**Assigned task**
Down to the last line below, repeat the entries word for word and drop the pictures.

**** Data records

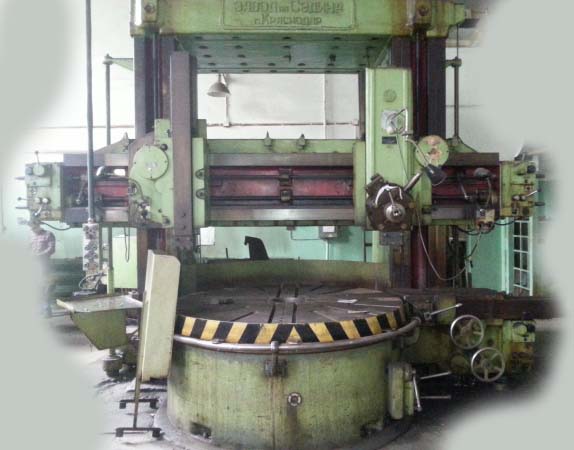 Загальний вигляд токарно-карусельного верстата 1553 1553 токарно-карусельного верстата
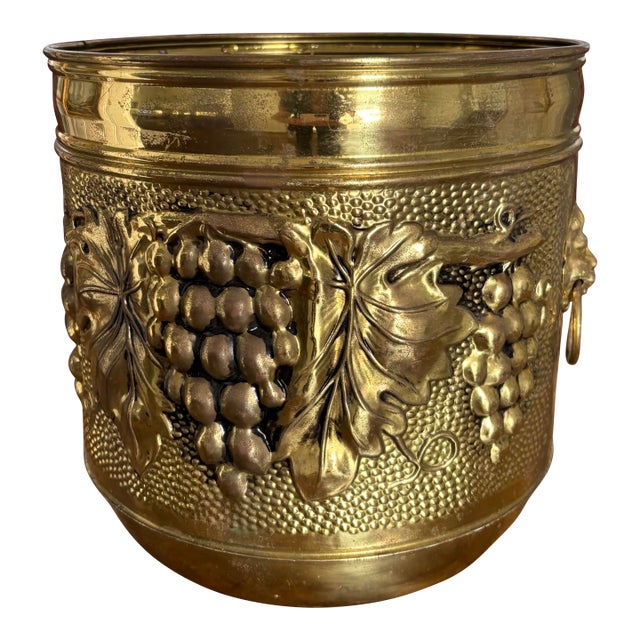 Early to Mid Twentieth Century English Hammered Brass 10 Inch Planter With Grape and Leaf Design, Made in England For Sale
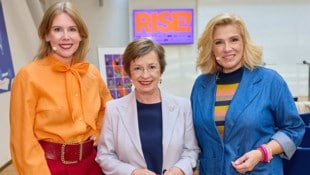 Schauspielerin Laura Hermann (li.) führte durch den Auftakt-Event mit Klimaschka und Schmidauer ...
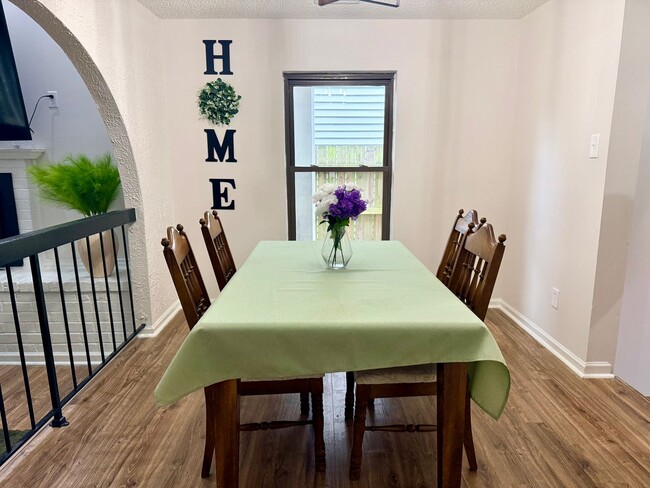 Building Photo - Gorgeous Single Family 4 bedroom furnished rental in Green Run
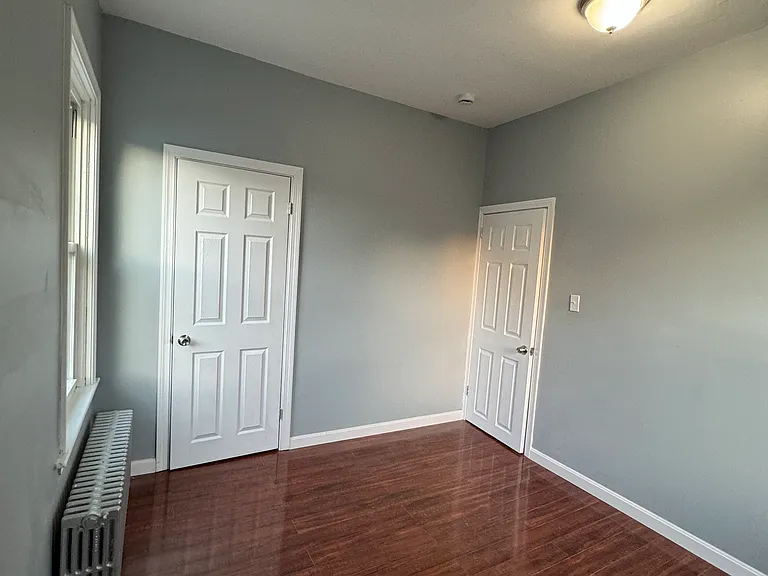 137-139 Chancery St #1 — Photo 4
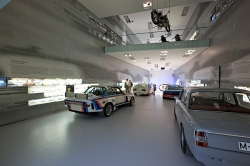BMW AG 21 июня открыл в Мюнхене футуристический музей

********

**Written answer**
 Загальний вигляд токарно-карусельного верстата 1553 1553 токарно-карусельного верстата
 Early to Mid Twentieth Century English Hammered Brass 10 Inch Planter With Grape and Leaf Design, Made in England For Sale
 Schauspielerin Laura Hermann (li.) führte durch den Auftakt-Event mit Klimaschka und Schmidauer ...
 Building Photo - Gorgeous Single Family 4 bedroom furnished rental in Green Run
 137-139 Chancery St #1 — Photo 4
BMW AG 21 июня открыл в Мюнхене футуристический музей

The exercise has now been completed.